Well played, ladies and gentlemen. We might as well weigh in with everybody else on this week’s editorial-page equivalent of the hula hoop. For the record: We support the lowering of the drinking age to 18 for many reasons, chief among them that 18 is symbolically and mathematically the age at which we are considered adults in every aspect of the legal system, save for this one. If you’re old enough to vote, defend your country, sign a contract, get the death penalty or date Cameron Diaz, we figure you’re old enough to drink a cold beer.
The real danger comes when students reared on illicit binge drinking graduate and enter the real world, where the campus shuttle does not run.

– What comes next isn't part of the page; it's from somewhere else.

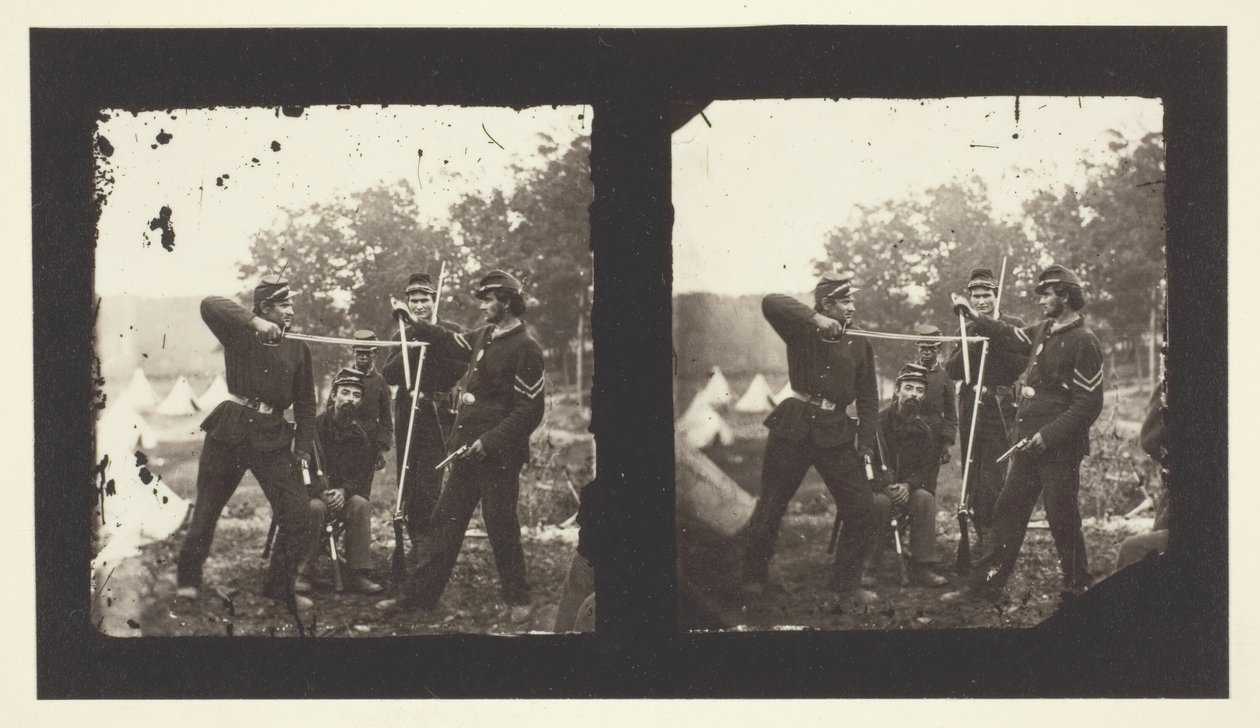 Utan titel [Amerikanska soldater poserar med vapen], 1850-1900. av Mathew Brady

We are aware, of course, of statistics that link teenage alcohol use with drunk-driving fatalities, but we feel the answer to this lies in education and — more importantly — a public transportation system that acknowledges the hours when many people are in need of rides home. But we are hesitant to give the nod to these college presidents, who seem as if they are surrendering after resolutely failing to enforce the law of the land on their campuses. The National Minimum Drinking Age Act, passed in 1984 (under President Ronald Reagan), strongly suggested that states adopt a 21 drinking age by appropriating 10 percent of the highway funds of those that didn’t. But alcohol use remained as vibrant a part of college culture as ever on campuses where traditional students didn’t turn 21 until their junior or senior years. Raise your hand if you went to a college where the administration actively and successfully curtailed underage drinking. We thought so. Sometimes, it seems, culture trumps law. So bailout for these harried lords and ladies of academia may be in order. For starters, the 21 drinking age is a fallacy, a law that exists on paper but does little to discourage or prevent enterprising youngsters from obtaining their forbidden fruit. College campuses, in particular, may have benefited from the National Minimum Drinking Age Act in the same way that moonshiners and big city speakeasies benefited from prohibition, giving booze the added thrill and glamour of contraband. The real problem here is drunk driving, the crossroads of personal choice and public good. And colleges are equipped to deal effectively with this issue — many have already established measures to make sure students get home safely at night via designated driver programs and late-night bus schedules. The real danger comes when students reared on illicit binge drinking graduate and enter the real world, where the campus shuttle does not run.